The words I quoted above were written by my mother in the 1960s in Cronulla. She went on:

Then in 1945 the guns of War ceased. We hoped so vainly they had stopped for all time–and the father came home. The next few years held struggle of a different kind for the young weary parents whose lives, like so many, had been so deviously interrupted. To return to the normal, the everyday, does not perhaps seem difficult, but it is so very difficult, as so many found. Everything had altered, values and concepts had changed. One thing sustained this young family–the love of man for woman, of woman for man, of man and woman for their children. To hope, to pray, with faith, that some day, sometime, there would be a better world for all to live in. Again the years went swiftly–two years, four years, ordinary troubles, measles, mumps, broken arms, children’s hurts to mend–the guiding, the helping, the encouraging, the children growing, the joys, the laughter.

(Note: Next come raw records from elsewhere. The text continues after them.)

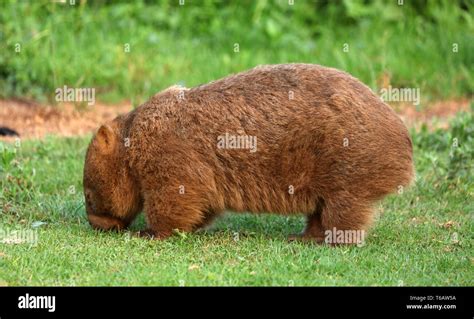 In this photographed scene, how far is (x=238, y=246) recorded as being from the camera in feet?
21.4

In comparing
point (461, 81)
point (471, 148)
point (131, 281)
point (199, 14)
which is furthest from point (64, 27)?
point (131, 281)

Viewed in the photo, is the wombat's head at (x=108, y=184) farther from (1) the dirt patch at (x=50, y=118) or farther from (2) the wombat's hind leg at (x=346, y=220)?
(1) the dirt patch at (x=50, y=118)

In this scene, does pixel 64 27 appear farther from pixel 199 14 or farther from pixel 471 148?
pixel 471 148

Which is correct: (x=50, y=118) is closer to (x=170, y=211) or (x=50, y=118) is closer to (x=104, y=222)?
(x=104, y=222)

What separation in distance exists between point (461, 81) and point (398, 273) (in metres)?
6.73

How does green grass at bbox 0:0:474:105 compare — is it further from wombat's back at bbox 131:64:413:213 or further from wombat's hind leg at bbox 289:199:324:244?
wombat's hind leg at bbox 289:199:324:244

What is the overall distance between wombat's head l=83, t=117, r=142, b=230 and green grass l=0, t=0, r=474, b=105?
3.63 m

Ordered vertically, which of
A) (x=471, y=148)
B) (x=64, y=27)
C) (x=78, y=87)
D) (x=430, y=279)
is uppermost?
(x=64, y=27)

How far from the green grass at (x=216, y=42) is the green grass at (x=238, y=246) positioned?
271 centimetres

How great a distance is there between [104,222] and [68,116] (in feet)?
12.7

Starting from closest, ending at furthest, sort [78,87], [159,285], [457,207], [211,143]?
1. [159,285]
2. [211,143]
3. [457,207]
4. [78,87]

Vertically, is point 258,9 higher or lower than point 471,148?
higher

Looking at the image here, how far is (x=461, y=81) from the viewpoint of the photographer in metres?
12.1

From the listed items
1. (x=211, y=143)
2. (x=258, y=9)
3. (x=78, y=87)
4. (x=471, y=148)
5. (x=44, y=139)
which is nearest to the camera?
(x=211, y=143) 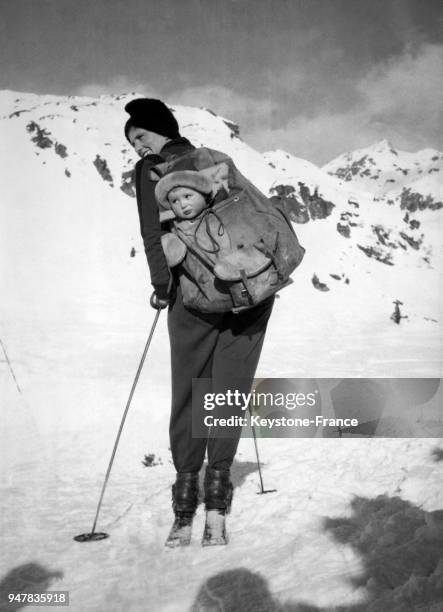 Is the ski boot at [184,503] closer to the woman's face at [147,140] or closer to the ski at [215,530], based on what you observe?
the ski at [215,530]

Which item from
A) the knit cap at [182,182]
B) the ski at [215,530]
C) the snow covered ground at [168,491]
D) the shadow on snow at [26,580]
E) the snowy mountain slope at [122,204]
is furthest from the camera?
the snowy mountain slope at [122,204]

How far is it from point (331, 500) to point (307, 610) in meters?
1.12

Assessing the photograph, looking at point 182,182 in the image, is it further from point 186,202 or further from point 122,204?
point 122,204

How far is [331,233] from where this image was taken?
36531 mm

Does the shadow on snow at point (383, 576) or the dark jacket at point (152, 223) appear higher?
the dark jacket at point (152, 223)

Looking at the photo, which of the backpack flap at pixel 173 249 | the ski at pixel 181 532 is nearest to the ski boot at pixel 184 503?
the ski at pixel 181 532

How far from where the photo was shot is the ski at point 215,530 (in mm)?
2246

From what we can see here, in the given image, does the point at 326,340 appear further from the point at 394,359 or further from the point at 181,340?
the point at 181,340

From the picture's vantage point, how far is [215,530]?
2275 millimetres

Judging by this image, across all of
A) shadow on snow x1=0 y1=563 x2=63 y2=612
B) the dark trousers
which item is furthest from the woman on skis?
shadow on snow x1=0 y1=563 x2=63 y2=612

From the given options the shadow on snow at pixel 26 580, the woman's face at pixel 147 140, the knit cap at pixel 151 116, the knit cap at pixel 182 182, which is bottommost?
the shadow on snow at pixel 26 580

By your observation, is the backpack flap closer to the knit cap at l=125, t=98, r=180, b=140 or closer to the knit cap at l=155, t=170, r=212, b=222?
the knit cap at l=155, t=170, r=212, b=222

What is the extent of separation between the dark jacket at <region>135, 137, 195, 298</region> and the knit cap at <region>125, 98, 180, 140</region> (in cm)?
13

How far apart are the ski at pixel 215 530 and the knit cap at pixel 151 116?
2.03 meters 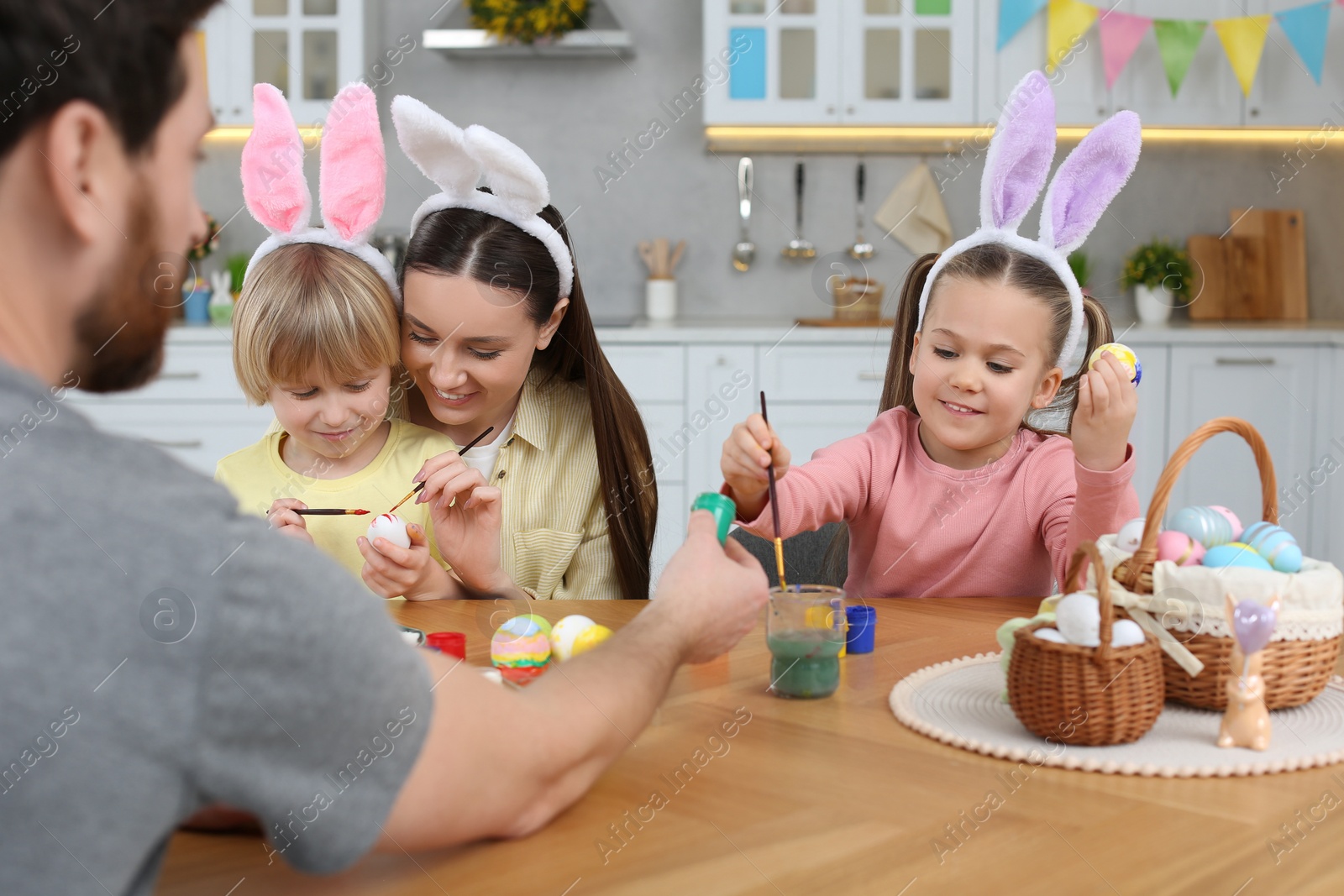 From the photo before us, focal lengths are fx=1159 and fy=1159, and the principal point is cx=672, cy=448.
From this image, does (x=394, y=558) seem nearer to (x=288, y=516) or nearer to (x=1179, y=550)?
(x=288, y=516)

The babe of 1940 was now a slight, fair, lovable schoolgirl of twelve. So proud were the parents of this so dear a child who held the promise of the future in her clear blue eyes. The dreams they had–the dreams she had–such lovely dreams, such beautiful golden dreams.

The father and the mother bought a house, their first “own” home. Just an ordinary house in an ordinary street, in an ordinary suburb, in an Australian city. A house with room enough for the children to grow in to live in, to be “home” in all its true and good meaning. Moving day came with all its pressures, its turmoils, but with happiness in the hearts. The unseen figure in the shadows moved closer and struck, taking with it back to the shadows the beloved child, the child with so much promise, so many dreams–the child whose very presence had helped the mother’s war-torn soul through the years and whose sparkling nature had helped the father through the rehabilitation period. The beloved blue eyes were closed to this world forever.

Jeanette Heather Whitfield would have been 81 today. As I said, Ian and I always thought of each other on this day. Perhaps we still do.

I remember some of the songs she sang.

Perhaps just the ones she was learning at school.

Back row, second from the right — blonde hair, checkered dress.